Sunday, 7 March 2010

Has the DPA registration fee, like the dog licence, had its day?

We have a new ICO.
It has a fresh mandate.
And a fresh logo. Out with the old. In with the new.
But what will really change?

The new ICO has a new mission, and a series of challenges it has set itself. By 2012 it is to be:

• More committed
• More joined up
• Better integrated
• More focussed
• On the ball
• Alert to the needs of its stakeholders
• World class

It makes you wonder what the previous Information Commissioner, Richard Thomas, was doing all that time then, if this is to be the new focus of the Office. But how will it do this when it has to exist solely on the income it derives from DPA registration fees? It’s not immediately clear how great the additional revenue will be from the larger controllers, who now pay £500 a year. But equally it’s not immediately clear what damage the economic recession has done to the great majority of businesses, or start ups, whose finances are stretched and who may overlook a £35 fee. That’s less than the price of a decent seat to watch a home match featuring Arsenal Football Club. In fact, unless you are a senior citizen or a Junior Gunner, that’s less than the price of any seat for a Category A match at the Emirates Stadium.

So, who will value something that costs just £35 to register for? I’m just about old enough to remember dog licenses, which were abolished in 1987, at which time it stood at it 37½p and was held by only around half of dog owners. The system fell into disrepute as no one could really be bothered to enforce the law. Apparently, the Dogs (Northern Ireland) Order 1983 continues to provide for a licence system in Northern Ireland, because it was felt that there was a greater problem of stray dogs and sheep worrying.

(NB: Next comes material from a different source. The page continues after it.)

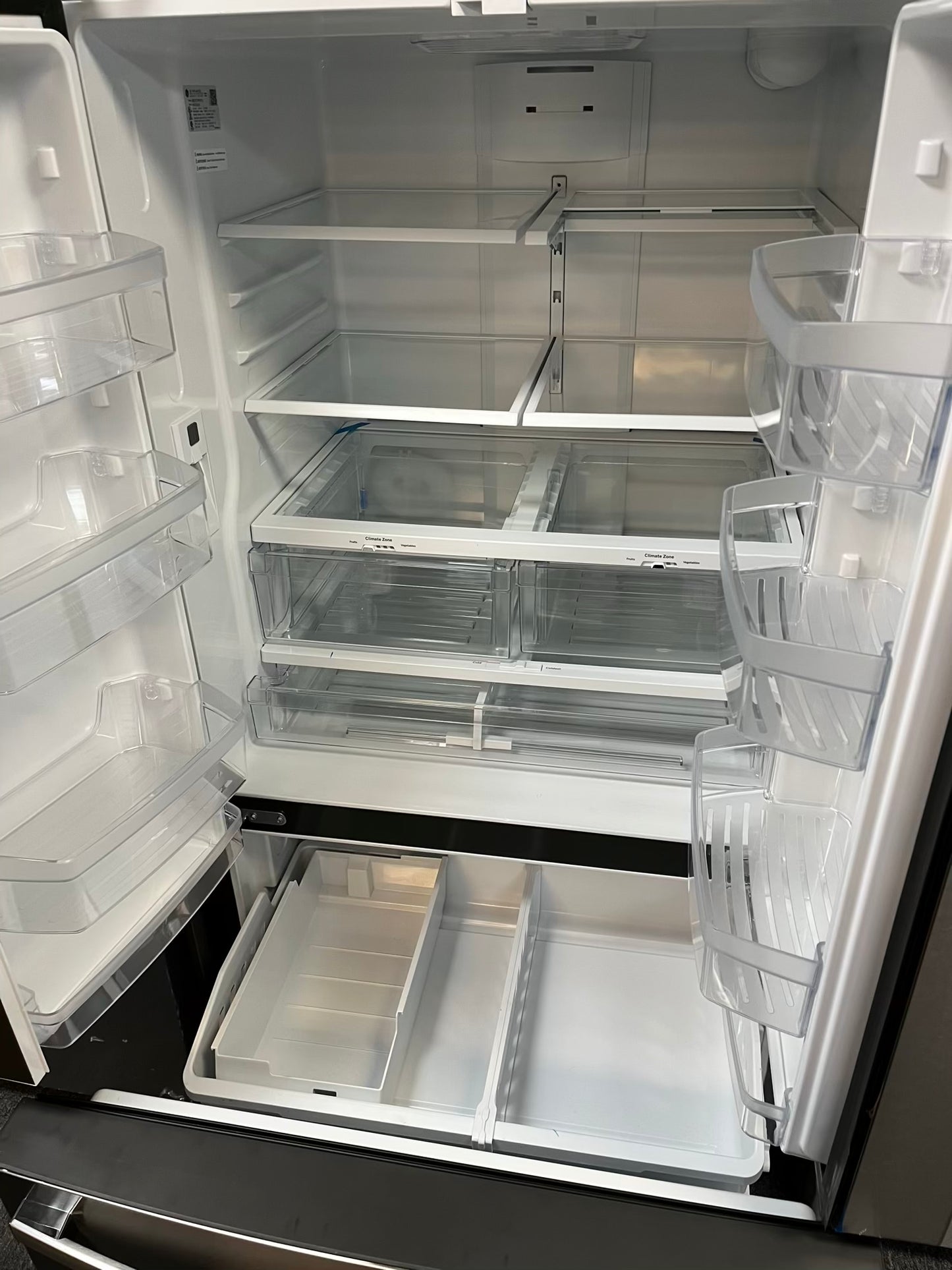 Customer Return | Scratch & Dent GE French door refrigerator stainless steel w/ice & water dispenser inside 36" #RF492GL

But as I don’t visit Northern Ireland very often, I’m really not sure whether its enforcement is currently considered a priority – or whether anyone actually bothers to license their dogs anyway.

Perhaps one of the greatest services performed for the ICO were the old registration scams, where various companies would set up and advertise the requirement to register – and offer a registration “consultancy service” to help people fill in the registration forms – at a significant fee, of course. They probably charged far more than the £35 registration fee for their assistance – but it must have been useful for the teams in Wilmslow to receive boxes of these registration papers, as that would have generated a very healthy income stream. Where is the income stream now, as regulatory action against these “consultancy services” (or cons) has stemmed the flow of new business.

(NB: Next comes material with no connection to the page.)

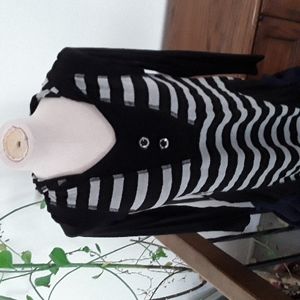 Black and gray with thin silver strip tunic.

Do I see ICO registration campaigns anywhere, like the TV license fee detection campaigns? Do I see ICO detection vans driving around the country, with its antenna sniffing out unregistered data controllers? I do not.

So how will the ICO manage to deliver on its new mission then? Its new fining powers will simply fill Treasury coffers, as unlike the Spanish Data Protection authority, they won’t get to keep any of the money they manage to get from the miscreants. These hard economic times will continue to reduce the flow of start up companies, and so I suppose the ICO is only left with planting media stories about the horrific consequences of the failure to register. I can’t see it featuring as a main storyline on Eastenders or Coronation Street, though.

The battle lines will be drawn. Will the ICO win through, by publicising the existence of the requirement, and persuading the relevant parties to part with their £35 each year, or will it go the same way as the dog license?

Or will the demise of the registration scheme lead a cunning plan for funding the ICO which will be as clumsy as the Dangerous Dogs Act, which was introduced in 1991, just 4 years after the abolition of registration? Registration didn’t address the problem of dangerous dogs. Nor did the Dangerous Dogs Act, for that matter.

If data controllers are to truly value the ICO, I would presume that it would greatly help if the registration fees they will be expected to pay will at least exceed the administrative costs of dealing with an annual demand for £35.

If I were the relevant bod at the Ministry of Justice, I would recommend that the standard fee be raised to £50 with immediate effect. The fee has remained constant since 1998. Unlike any other bill I have to pay. Otherwise, I do fear it will suffer the same fate as the dog licence did.